NEW YORK CITY - The United Bodegas of America announced Sunday it formed a "secret society" after the pandemic for bodega workers and owners across New York City to legally obtain a concealed carry license.
Hundreds are now rightful gun owners. They created the "secret society of gun owners" to take their safety into their own hands, claiming this isn't to have a permit to kill, but rather a permit to defend themselves.
"Anyone that's out there looking to rob us, hurt us, kill us – beware," Fernando Mateo, a spokesperson for the UBA, said. "You may be walking into the wrong bodega because now we have the same firepower you have."
The process took nearly two years because they wanted to do it safely, legally and secretly. Knowledge of which bodega owners carrying a concealed gun will be kept a secret.
"You don't know want anyone to shoot you before they rob you because they know you have a weapon," Mateo added.
The announcement was made at the UBA headquarters in Inwood, where the courses are held by duly authorized instructors such as Johnny Nunez – a retired NYPD sergeant and former New York City police academy instructor.
"Having a firearm is a defensive tool," Nunez said. "It’s not an offensive tool. [It’s] to be used when your life or the life of another human is in – keywords – imminent danger."
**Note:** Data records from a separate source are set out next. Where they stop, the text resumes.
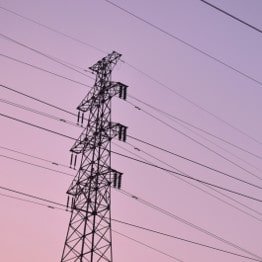 Câbles électriques, photo par Chuttersnap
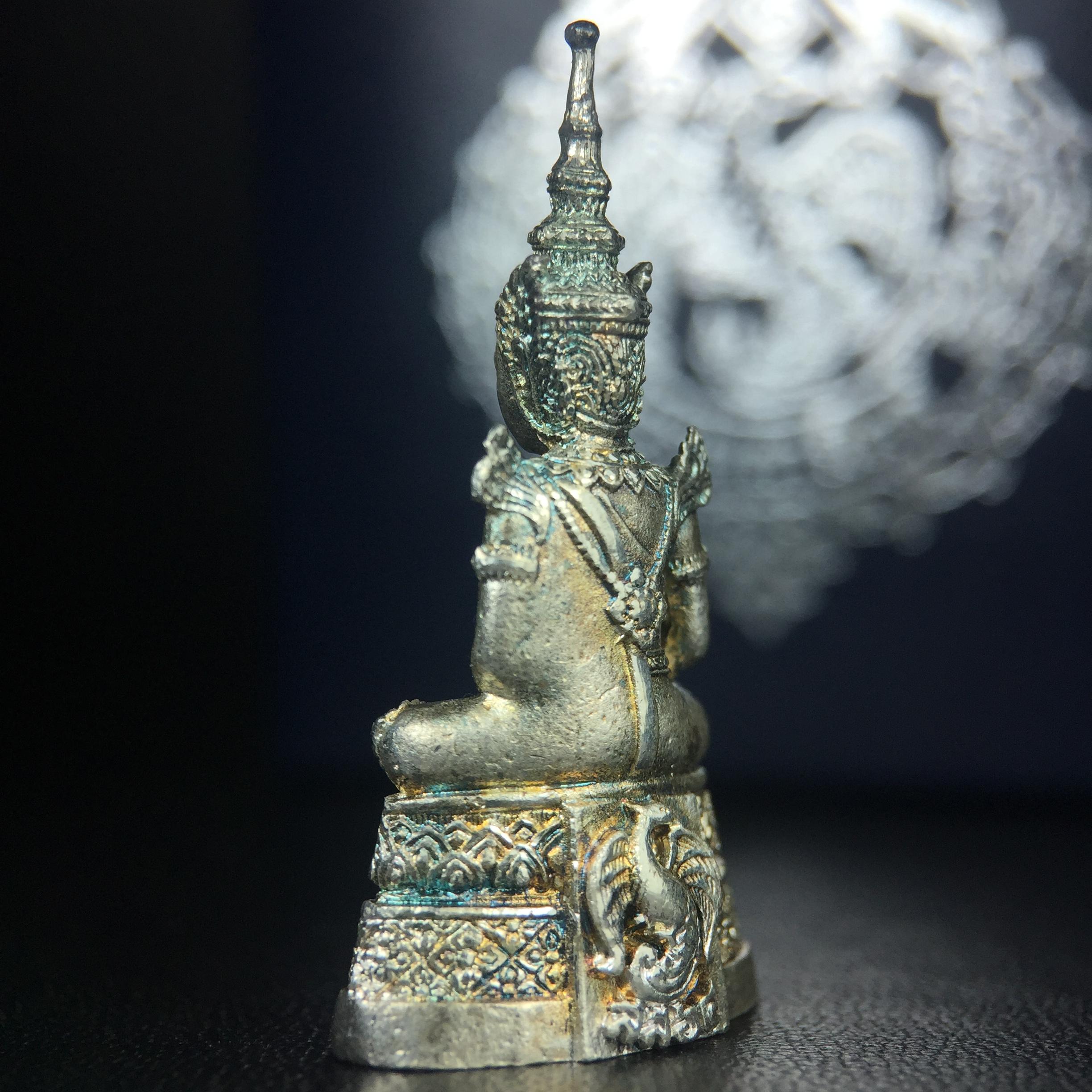 พระแก้วมรกต กรมสรรพสามิตจัดสร้างขึ้นเนื่องในโอกาสครบรอบ 64 ปีของกรมสรรพสามิต และเนื่องในวโรกาสที่พระบาทสมเด็จพระเจ้าอยู่หัวทรงครองราชย์ครบ50ปีเมื่อ พ.ศ.2539 เนื้อเงินทรายนวลขัดเงา(ผิวเดิมๆขึ้นสีรุ้งธรรมชาติสวย(สเน่ห์พระเนื้อเงินสีสันที่ธรรมชาติสรรค์สร้าง)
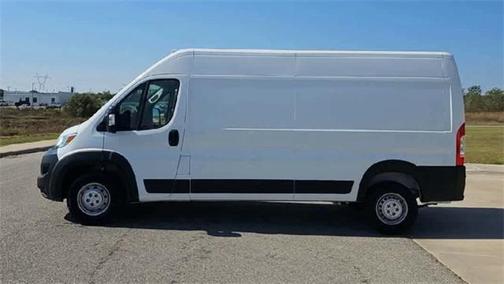 2025 RAM ProMaster 2500 Tradesman
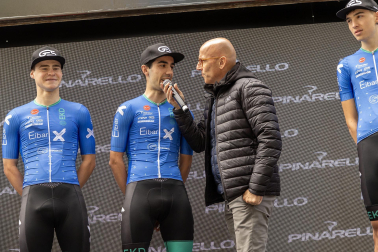 Fotos de la salida de la primera etapa de la Vuelta a Navarra 2024.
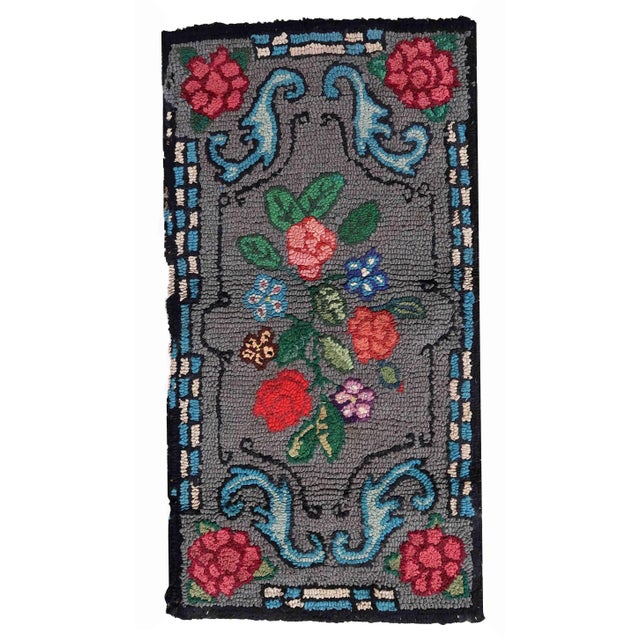 1900s Handmade Antique American Hooked Rug 1.6' X 3' For Sale - Image 9 of 9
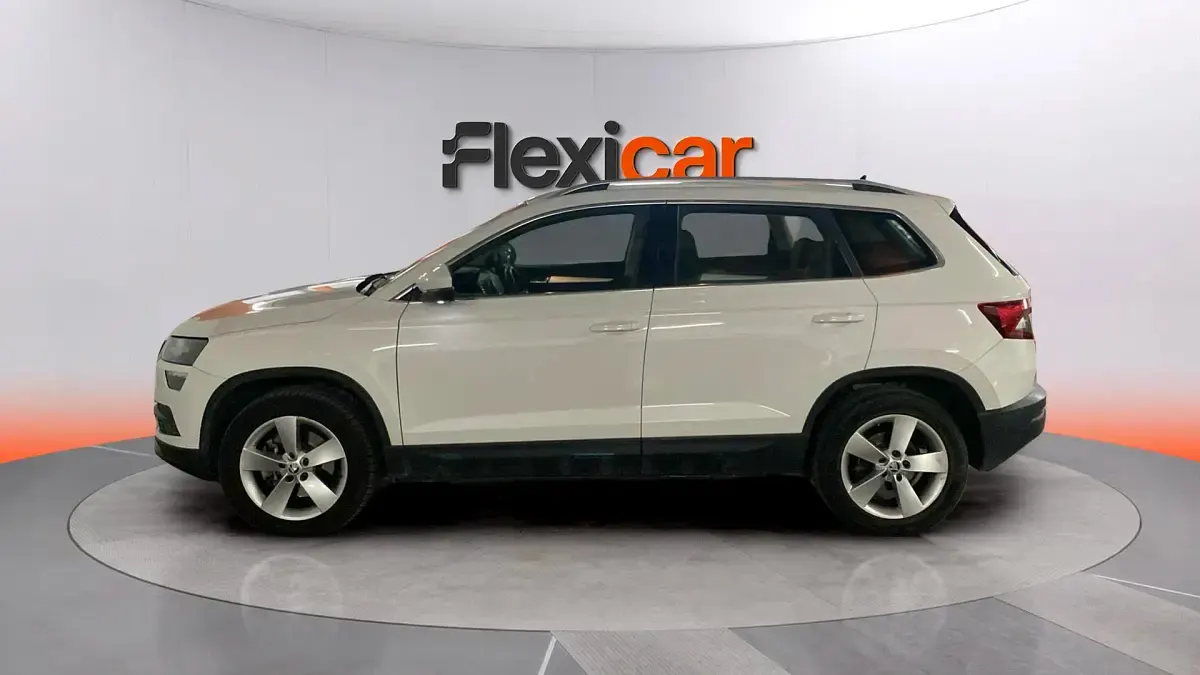 Usado Skoda Karoq Ambition 150 CV (110 kW) 2022 Blanco SUV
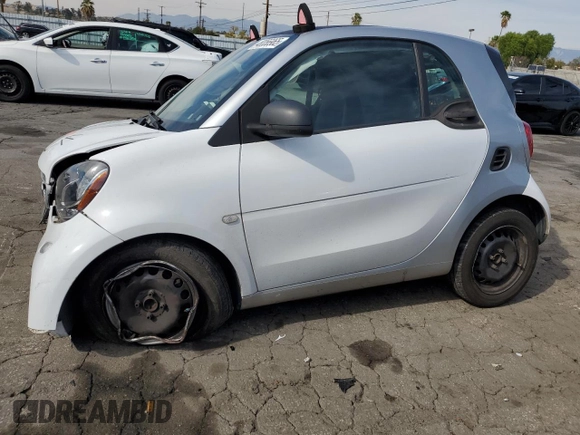 2016 Smart fortwo Passion z VIN WMEFJ5DA4GK141225, wystawiony jako Copart lot #48356965 z przebiegiem 65 928 mil mil oraz Szkody całkowita. Historia ofert i sprzedaży dostępna na DreamBid. Obrazek 1.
According to the group, its only intended use of guns is to prevent themselves or someone in their store from getting killed.
In 2015, Lesandro ‘Junior’ Guzman-Feliz, the 15-year-old boy who was brutally murdered in the Bronx, sought shelter in a bodega before he was dragged out and killed by Trinitarios gang members.
Guzman-Feliz, 15, sought shelter in a bodega before he was dragged out and killed by Trinitarios gang members back in 2015.
Last summer, Jose Alba was working behind the counter of a Harlem bodega when a suspect aggressively shoved him. Alba fatally stabbed the man in self-defense.
Alba was working behind the counter of a Harlem bodega last summer when a suspect aggressively shoved him.
"We are not out here to provoke any incidents," Mateo said. "We're trained to deescalate situations, but we ae also trained to use a firearm if we have to."
Barbara Moreta is from the Dominican Republic and has owned a bodega since 2015. She's considering applying for a permit through the group.
"When they see a woman, they think they can do everything, but if I have my gun, I think it's better for the store," Moreta said. "And [if] some people anything come to do something bad, [they’ll be] scared."
The 2022 Supreme Court ruling in the New York State Rifle & Pistol Association v. Bruen case made it easier for the group to overcome obstacles in obtaining permits and licenses.
There are up to 15,000 current members in the UBA and as more obtain their licenses through the "secret society," it will remain a "secret society."